Les partis signataires étaient : Ensemble pour le Pérou, le Parti du Bon Gouvernement, le Parti du Peuple d’abord, la Coopération Populaire, le Parti Violet, Nous Vaincrons, la Liberté Populaire, Maintenant la Nation, le Parti des Travailleurs et Entrepreneurs, qui se sont réunis samedi 28 février dans les locaux de l’Association Tristan, dans la ville de Lima.

« L’objectif du Cinquième Dialogue politique et social a été atteint : obtenir l’engagement des organisations politiques participant aux élections générales en faveur d’un Agenda démocratique pour un Pérou fondé sur la justice, les droits et le développement durable, proposé par les organisations sociales et politiques du pays », ont déclaré les organisateurs de la Plateforme pour la démocratie.

Programme d’action

Le programme d’action de la Plateforme pour la démocratie, élaboré en collaboration avec les partis participants, englobait les principales revendications de la population à travers le pays, telles que : la sécurité de la population, l’approfondissement de la démocratie, la réforme fiscale, la réforme du travail, le droit à l’éducation et à la santé, le développement durable et la politique culturelle.

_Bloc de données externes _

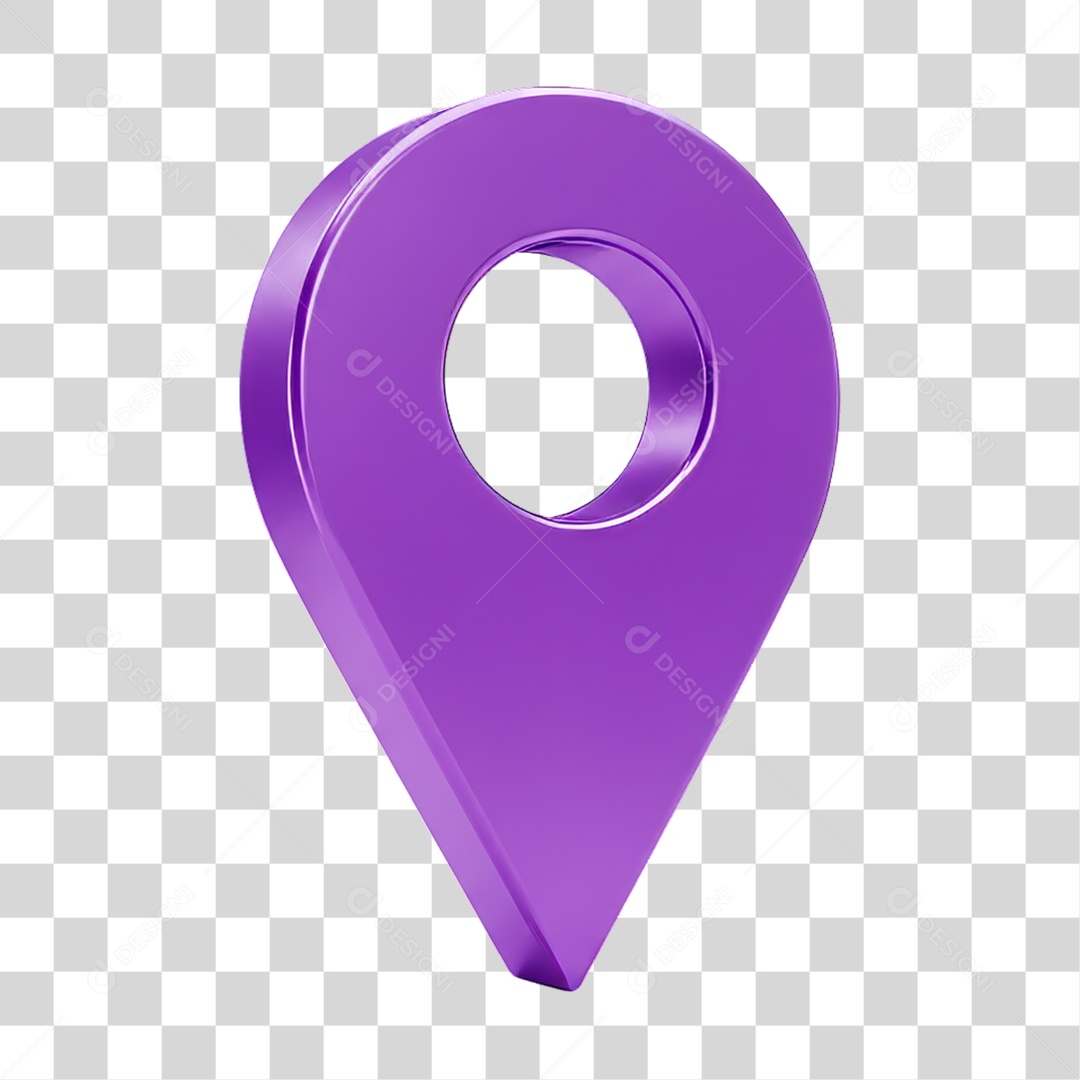 Ícone Pin de Localização PNG Transparente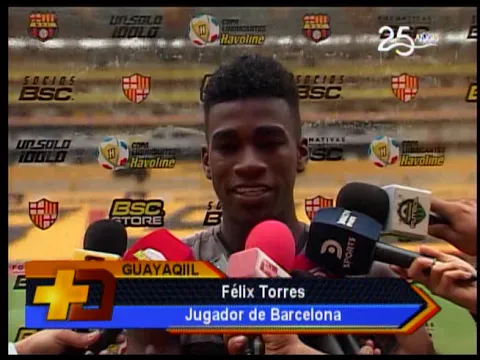 Barcelona trabaja pensando en juego ante Liga de Quito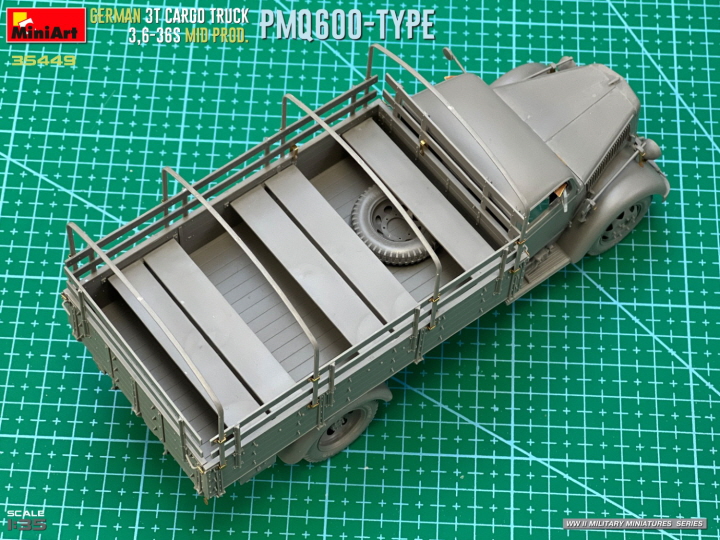 [ܼ] BE35449 [Miniart] BE35449 1/35 German 3t Cargo Truck 3,6-36SMid Prod PmQ600-Type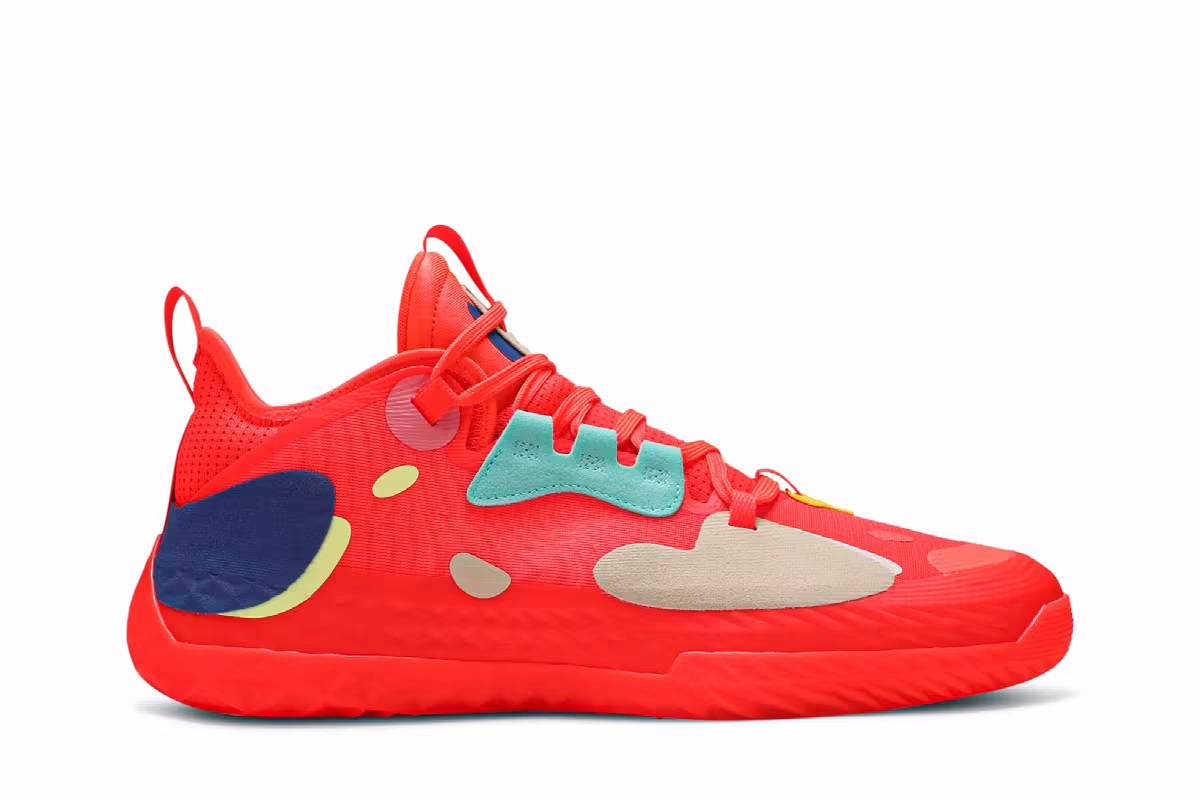 adidas Harden Vol. 5 Futurenatural Solar Red, view 2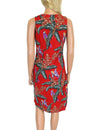 Jungle Bird Parrots Dress Sleeveless Knee Length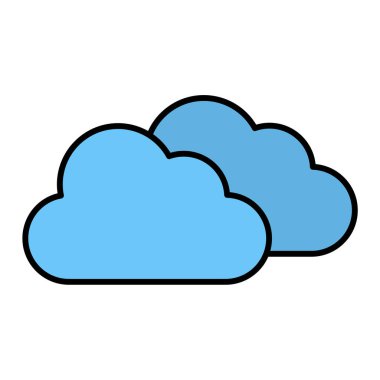 Bulut tasarımı, vektör illüstrasyonu eps10 grafiği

« Nous aurons des élections générales dans un contexte de dégradation continue du système démocratique et de montée de la corruption et de l’insécurité citoyenne. La coalition de partis qui contrôle le Congrès et le pouvoir exécutif a pris le contrôle des institutions de l’État (Cour constitutionnelle, Bureau du Médiateur, Conseil national de la justice, Bureau du procureur général et Bureau du contrôleur général) et a promulgué des lois et des politiques favorisant la criminalité et la corruption, tout en contrôlant le processus électoral en cours. L’équilibre des pouvoirs est rompu. »

La population exprime massivement son indignation et sa défiance pour cette coalition mafieuse qui contrôle le Congrès et le gouvernement (plus de 90 % selon les sondages), mais elle ne se mobilise pas de manière décisive pour obtenir un changement de régime. Il ne lui reste donc que la possibilité de la sanctionner par son vote lors des élections d’avril. Cependant, la multiplication des candidats et la campagne de désinformation et de manipulation médiatique sèment la confusion et le découragement dans le processus électoral.

Dans ce contexte, il est urgent et nécessaire de coordonner les efforts entre les organisations sociales et les partis qui rejettent la corruption, l’inefficacité et l’autoritarisme (comme la coalition mafieuse au Congrès) et qui défendent les institutions démocratiques, luttent contre la corruption et présentent des propositions de transformation sociale et économique, dans le respect de l’environnement et des droits humains.

Dans cette optique, la Plateforme pour la démocratie a convoqué le cinquième dialogue politique et social afin d’élaborer un programme politique démocratique qui exprime des propositions concrètes permettant de sortir de cette crise et de la violence croissante, grâce au dialogue entre les organisations sociales et politiques au sein de la sphère démocratique du pays.

Le cinquième Dialogue politique et social, qui a obtenu l’engagement de huit partis politiques candidats aux élections générales de 2026, est confronté au défi majeur de consolider cet engagement afin de garantir le respect de leurs promesses une fois au pouvoir. La tâche est ardue, notamment au vu du bilan des précédents dirigeants politiques. Parallèlement, la population poursuit ses mobilisations dans différents espaces citoyens pour revendiquer son droit à une bonne gouvernance.